At this evening’s club meeting, folk were asking for information about the total eclipse of the Sun on 20th March this year. The eclipse is total if you are lucky enough to view it from the Faroe Islands or Svalbard. From Scotland, we should see a significant partial eclipse, with the Sun shrinking to a small crescent. The further North and West you can get, the better the eclipse will be.
Having said that, the eclipse happens around sunrise (from 08:30am until 10:44am when viewed from from Edinburgh), so it is going to be visible in the East. To photograph the eclipse you need a place with a good, unobstructed view East and East South East. The East coast would be a good place. The very best place (if the weather holds up) would be the Western side of a loch, or Eastern side of an island, up in the far North West of Scotland. Here are some links to more information about the eclipse:
Be aware that it is still dangerous to look at the Sun during a partial eclipse. You will need dark glasses to protect your eyes. A wide-angle shot with a short exposure should be ok, but if you use a telephoto lens your camera will need protection with solar film. (You might get away with a 10 stop ND filter and a short exposure, but don’t look through the viewfinder.) An alternative way to photograph the eclipse is to project the Sun’s image onto a white card through a pinhole. The obvious shot is one looking towards the Sun, but you might notice some weird effects happening away from the Sun. Look what happens to shadows. The eclipse will create some interesting light.
Let’s hope the weather holds up. The last time we had an event like this I ended up driving down the A68 chasing the nearest gap in the clouds. Best of luck.

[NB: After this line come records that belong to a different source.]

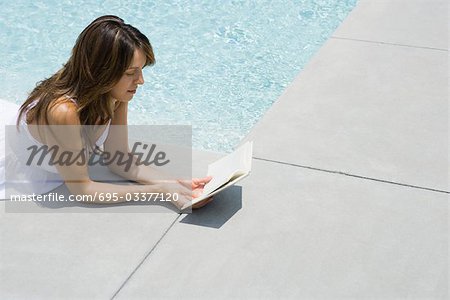 Woman lying on stomach next to pool, reading book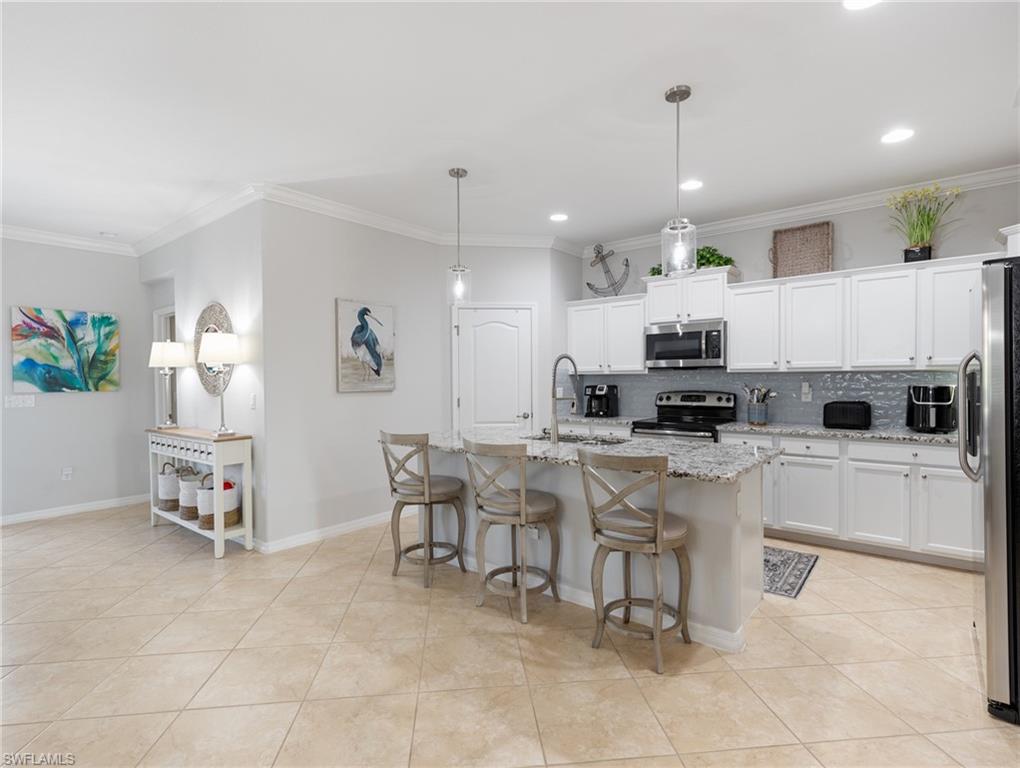 21116 Bella Terra Boulevard Estero, FL 33928 - Photo 6 of 49 a kitchen with a sink a counter top space appliances and cabinets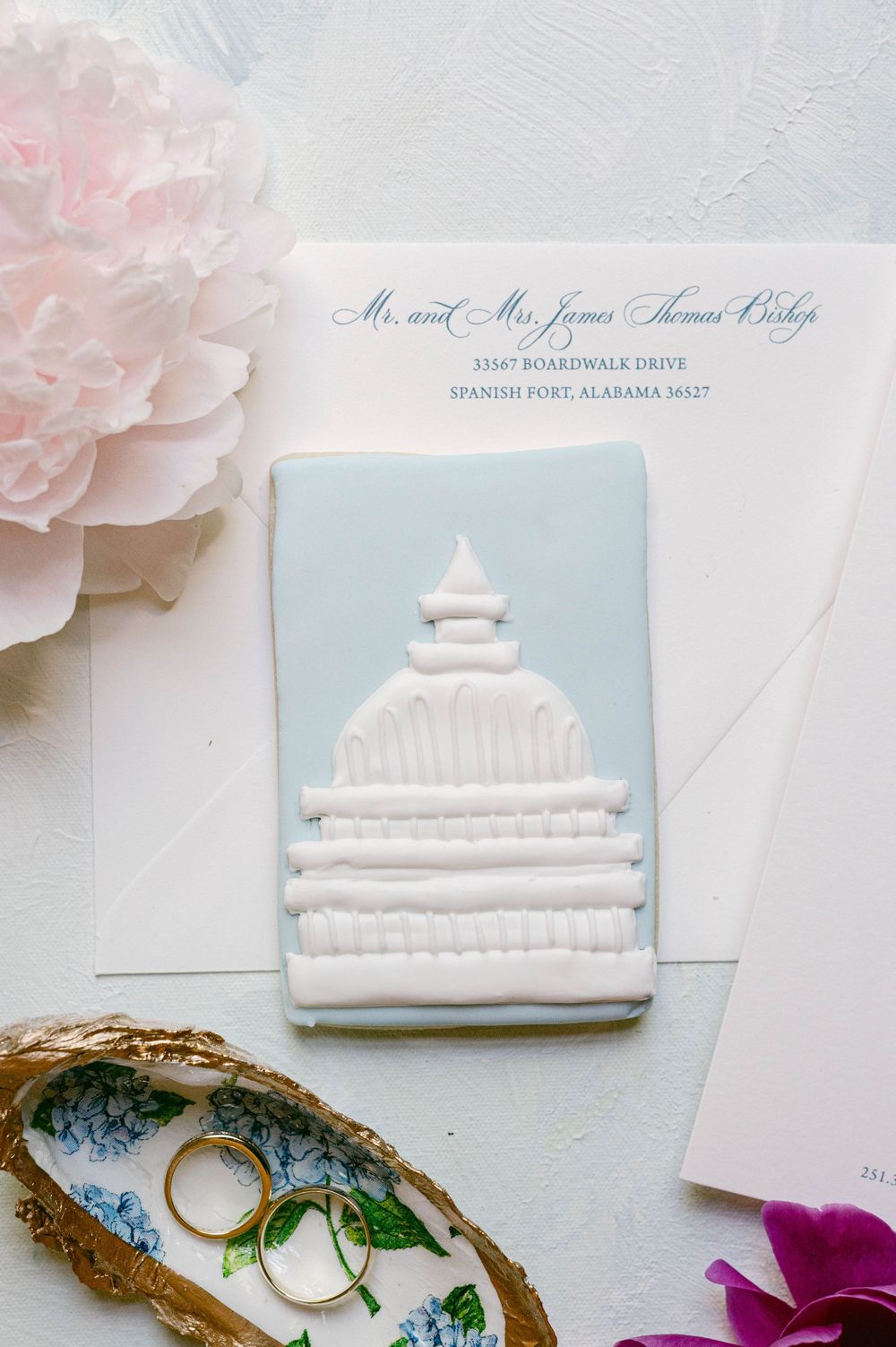 Wedding invitation with white architectural detail and rings beside pink peony flower.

P.S. If you want to buy eye protection and solar film from a company other than amazon, you can try the company run by some of my ex-colleagues from the Royal Greenwich Observatory:
If you have ever burned a piece of paper by focussing the light from the Sun onto it with a magnifying glass, you’ll know why your eyes and your camera need protecting. Solar film (which can protect both your camera and your eyes) is equivalent to a 17 stop ND filter. A 10 stop ND filter can protect your camera (as long as you use short exposures) but it isn’t dark enough to protect your eyes.